— Assigned task —
Please transcribe the entries that follow exactly as they stand, skipping each picture.

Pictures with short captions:
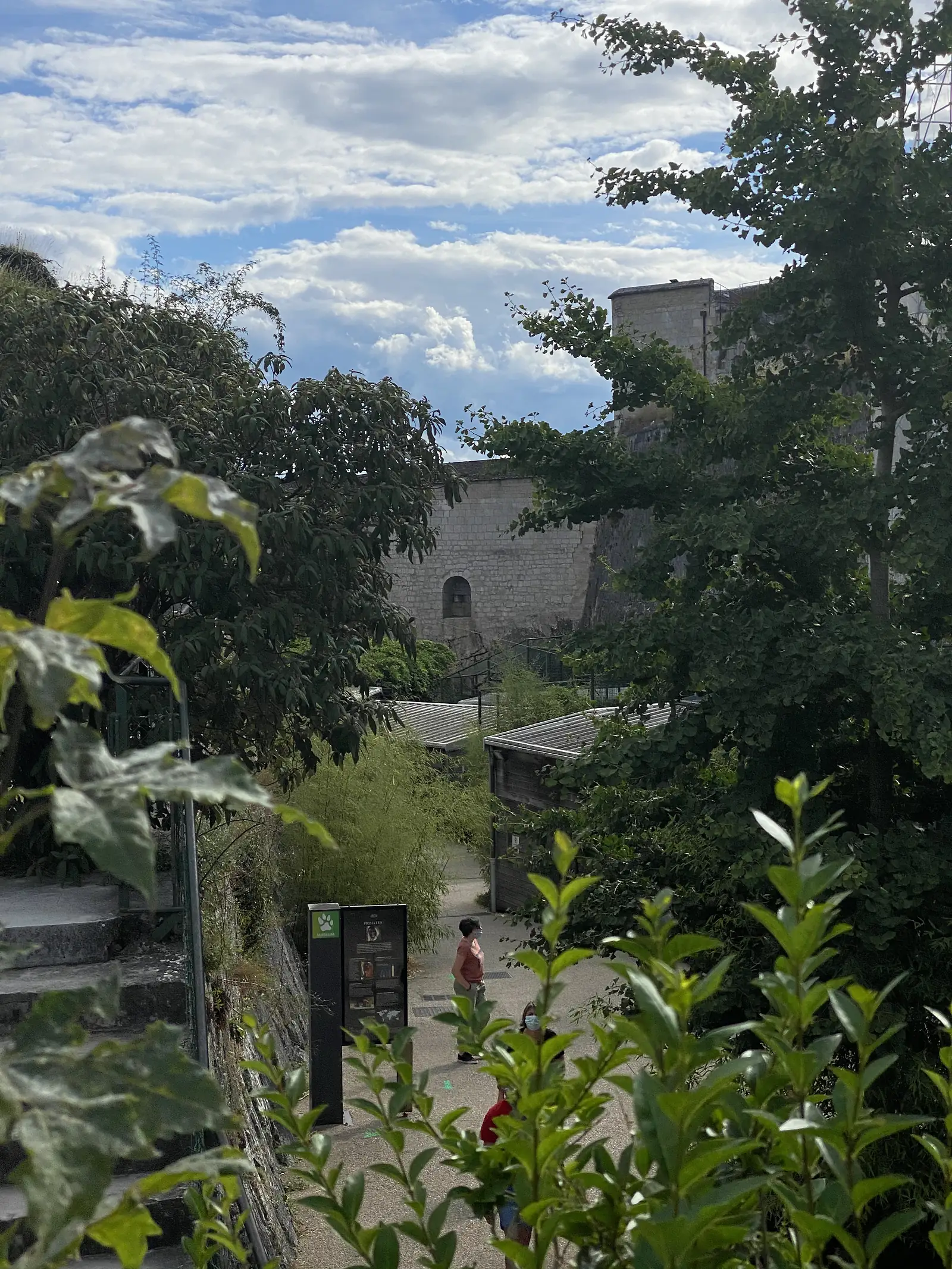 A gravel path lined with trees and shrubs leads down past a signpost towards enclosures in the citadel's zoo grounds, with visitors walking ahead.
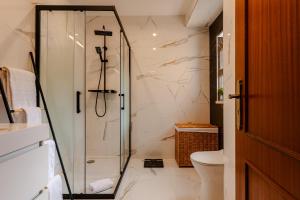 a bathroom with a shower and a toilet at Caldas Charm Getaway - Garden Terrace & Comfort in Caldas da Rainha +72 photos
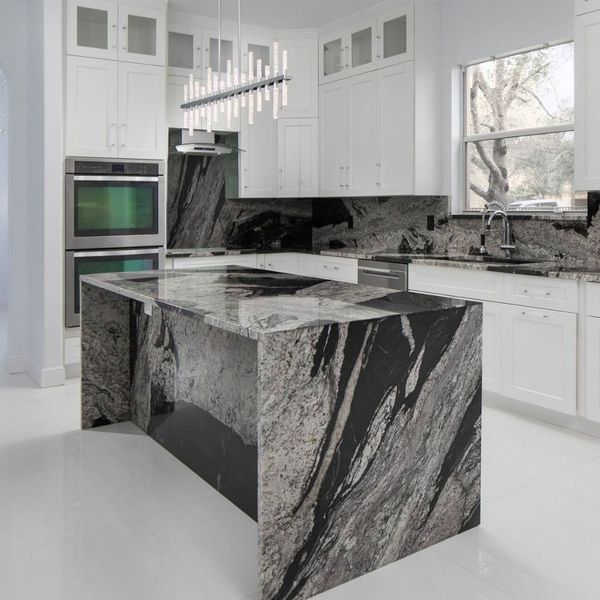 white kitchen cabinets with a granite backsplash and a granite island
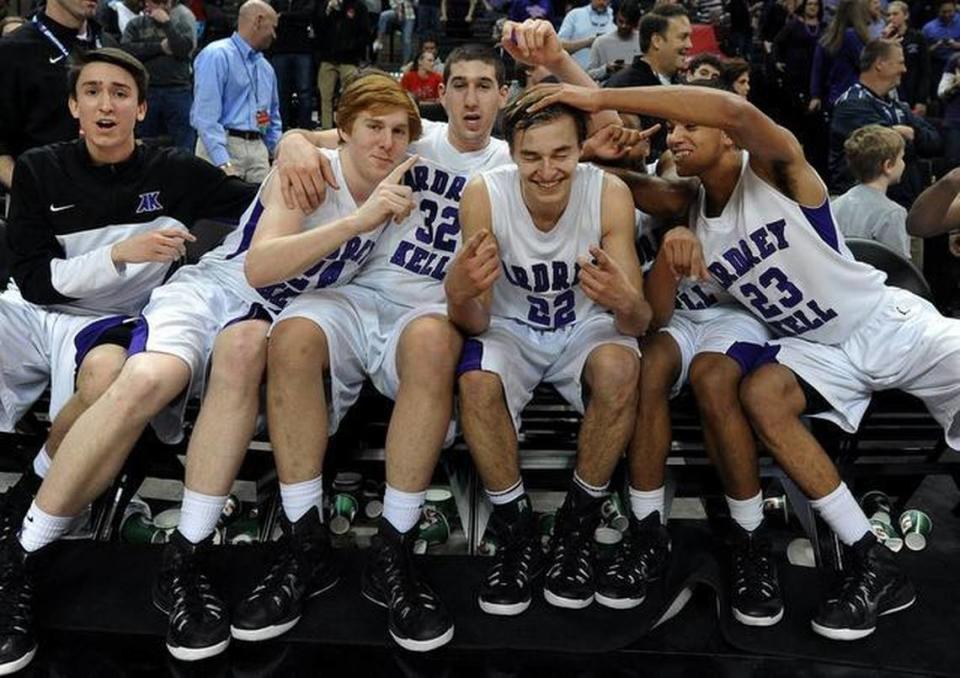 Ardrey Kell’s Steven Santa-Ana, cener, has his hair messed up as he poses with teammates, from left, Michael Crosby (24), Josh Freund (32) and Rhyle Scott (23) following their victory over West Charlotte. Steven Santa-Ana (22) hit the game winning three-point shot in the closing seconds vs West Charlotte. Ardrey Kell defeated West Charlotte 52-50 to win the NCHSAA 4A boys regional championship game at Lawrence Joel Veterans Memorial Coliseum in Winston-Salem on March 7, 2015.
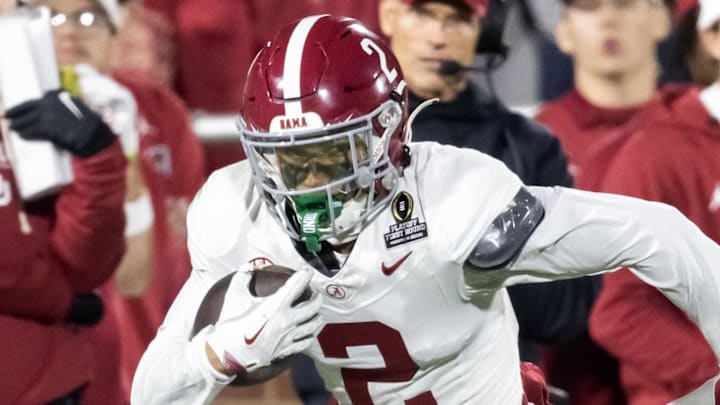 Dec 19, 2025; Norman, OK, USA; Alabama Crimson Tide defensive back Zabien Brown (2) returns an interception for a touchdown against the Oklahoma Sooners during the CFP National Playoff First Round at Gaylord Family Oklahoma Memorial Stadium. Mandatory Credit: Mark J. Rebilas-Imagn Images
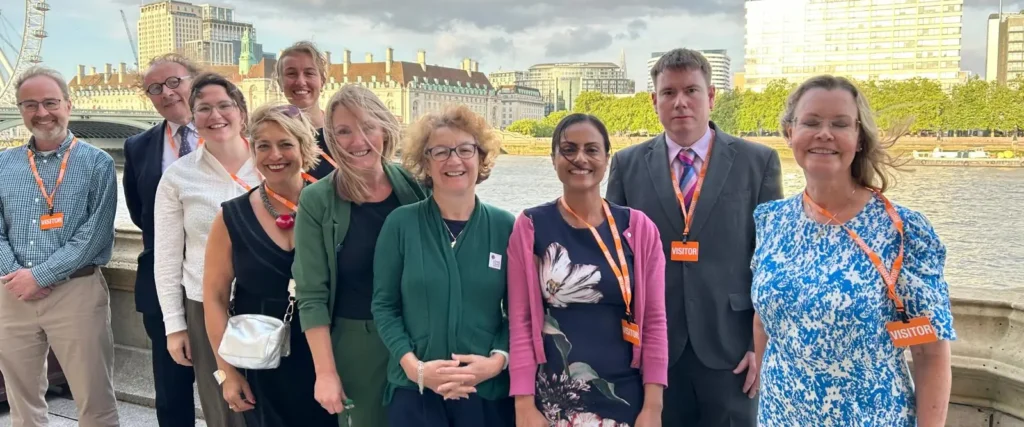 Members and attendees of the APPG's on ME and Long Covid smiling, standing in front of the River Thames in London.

— Solution —
 A gravel path lined with trees and shrubs leads down past a signpost towards enclosures in the citadel's zoo grounds, with visitors walking ahead.
 a bathroom with a shower and a toilet at Caldas Charm Getaway - Garden Terrace & Comfort in Caldas da Rainha +72 photos
 white kitchen cabinets with a granite backsplash and a granite island
 Ardrey Kell’s Steven Santa-Ana, cener, has his hair messed up as he poses with teammates, from left, Michael Crosby (24), Josh Freund (32) and Rhyle Scott (23) following their victory over West Charlotte. Steven Santa-Ana (22) hit the game winning three-point shot in the closing seconds vs West Charlotte. Ardrey Kell defeated West Charlotte 52-50 to win the NCHSAA 4A boys regional championship game at Lawrence Joel Veterans Memorial Coliseum in Winston-Salem on March 7, 2015.
 Dec 19, 2025; Norman, OK, USA; Alabama Crimson Tide defensive back Zabien Brown (2) returns an interception for a touchdown against the Oklahoma Sooners during the CFP National Playoff First Round at Gaylord Family Oklahoma Memorial Stadium. Mandatory Credit: Mark J. Rebilas-Imagn Images
 Members and attendees of the APPG's on ME and Long Covid smiling, standing in front of the River Thames in London.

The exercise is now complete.